Ne zamandır kafamda kurguladığım iş tanımının bir romana konu olduğunu görünce ne kadar heyecanlandığımı uzun uzadıya tasvir ederdim sizlere ama "gerek yok." Burada önemli olan benim kitabı her okuduğumda ahlar vahlar çektiğimi bilmeniz değil, kitap hakkında yordayıcı birkaç şey bulmanızdır. O yüzden uzatmaya "gerek yok."

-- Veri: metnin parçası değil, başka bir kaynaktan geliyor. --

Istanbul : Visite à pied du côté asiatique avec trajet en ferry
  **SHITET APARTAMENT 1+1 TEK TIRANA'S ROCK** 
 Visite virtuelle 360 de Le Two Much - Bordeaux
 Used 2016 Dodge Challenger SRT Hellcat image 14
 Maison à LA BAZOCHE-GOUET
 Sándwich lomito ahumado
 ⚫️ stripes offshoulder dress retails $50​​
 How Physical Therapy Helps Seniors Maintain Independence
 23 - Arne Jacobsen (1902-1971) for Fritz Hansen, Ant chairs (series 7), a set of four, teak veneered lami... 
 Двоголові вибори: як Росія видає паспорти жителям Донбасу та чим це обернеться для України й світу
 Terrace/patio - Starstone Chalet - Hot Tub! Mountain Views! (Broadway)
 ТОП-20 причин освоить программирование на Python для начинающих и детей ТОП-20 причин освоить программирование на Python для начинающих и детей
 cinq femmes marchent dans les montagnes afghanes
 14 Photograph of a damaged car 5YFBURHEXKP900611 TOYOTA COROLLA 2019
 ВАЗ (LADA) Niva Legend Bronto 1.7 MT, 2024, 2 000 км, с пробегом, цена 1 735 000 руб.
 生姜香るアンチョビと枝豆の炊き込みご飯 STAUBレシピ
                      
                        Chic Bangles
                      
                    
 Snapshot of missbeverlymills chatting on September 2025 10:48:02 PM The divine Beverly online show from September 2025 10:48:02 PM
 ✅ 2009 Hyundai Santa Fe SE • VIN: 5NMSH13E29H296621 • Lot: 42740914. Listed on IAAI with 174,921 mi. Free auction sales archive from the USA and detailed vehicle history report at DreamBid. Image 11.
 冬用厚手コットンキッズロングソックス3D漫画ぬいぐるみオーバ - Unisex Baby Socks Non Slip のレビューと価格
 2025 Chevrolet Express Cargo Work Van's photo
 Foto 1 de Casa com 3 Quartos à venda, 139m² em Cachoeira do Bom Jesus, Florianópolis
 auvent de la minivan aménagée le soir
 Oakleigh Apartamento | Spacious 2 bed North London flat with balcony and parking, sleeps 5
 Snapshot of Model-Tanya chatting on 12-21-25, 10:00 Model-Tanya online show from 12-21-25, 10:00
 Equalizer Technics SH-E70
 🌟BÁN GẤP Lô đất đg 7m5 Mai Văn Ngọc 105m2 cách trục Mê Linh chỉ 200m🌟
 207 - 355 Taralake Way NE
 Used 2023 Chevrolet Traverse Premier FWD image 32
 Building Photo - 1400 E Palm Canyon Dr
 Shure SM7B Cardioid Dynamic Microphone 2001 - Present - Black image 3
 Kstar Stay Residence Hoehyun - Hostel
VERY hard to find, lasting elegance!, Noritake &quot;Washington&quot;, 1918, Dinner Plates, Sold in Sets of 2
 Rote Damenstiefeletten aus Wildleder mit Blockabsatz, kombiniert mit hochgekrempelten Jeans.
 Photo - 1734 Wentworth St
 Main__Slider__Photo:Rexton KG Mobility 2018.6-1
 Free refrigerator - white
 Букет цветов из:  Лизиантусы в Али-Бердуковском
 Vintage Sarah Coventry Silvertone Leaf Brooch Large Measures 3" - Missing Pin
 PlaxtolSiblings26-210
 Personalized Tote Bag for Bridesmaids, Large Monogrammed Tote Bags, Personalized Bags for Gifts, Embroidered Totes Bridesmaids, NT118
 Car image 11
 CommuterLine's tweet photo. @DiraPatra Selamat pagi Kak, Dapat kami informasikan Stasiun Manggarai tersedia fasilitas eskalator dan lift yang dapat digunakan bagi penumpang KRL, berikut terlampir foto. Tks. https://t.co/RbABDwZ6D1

Caner, hiç tanımadığı biri tarafından ayda 25 bin liraya işverenin belirleyeceği yerleri gezip tozma, yiyip içme, sonrasında gördüklerini yorum katmaksızın gelip anlatma teklifine her ne kadar "bunda var bir bit yeniği" dese de kabul eder. Fakat işverenlerin tek bir şartı vardır: annesi dahil hiç kimseye bu işten bahsetmemek. Caner annesine "bile" neden söylenmemesi konusunda işkillense de pek üstüne düşmez çünkü "gerek yok."
Efsun, gazetecilik bölümünden mezun olup da hiç beklemedik anda bir dergi tarafından ayda 25 bin lira maaşla iş teklifi alınca şaşırsa da o da tıpkı Caner gibi pek üstüne düşmez. Caner'e kalsa ona da "gerek yok." Romanda birbiriyle alakasız gibi duran Caner, Efsun, Kibar Gonca, Feyzi Gonca, Mercan Hanım, Esma, Kenan Kaya, Kızıl Kaptan, DD Bey, Bakır Ağa, Sinemhan gibi karakterler nasıl oluyorsa oluyor, birbirleriyle bir şekilde bağlantılı bir hâl alıyor. Sayfaları her çevirdiğimde "Haydi bakalım Selo, bu düğümü nasıl çözecek, buradan nasıl çıkacaksın?" dedim ama adam allem etti kallem etti ve tereyağından kıl çekermiş gibi çıktı. Daha önce yazdığı kitaplardan farklı bir kalemden çıkmışcasına demini almış anlatımı. Aksiyon, aşk, hafiften korku ile çevreledi etrafımı. Ben çok beğendim dostlar, okuyalım okutturalım.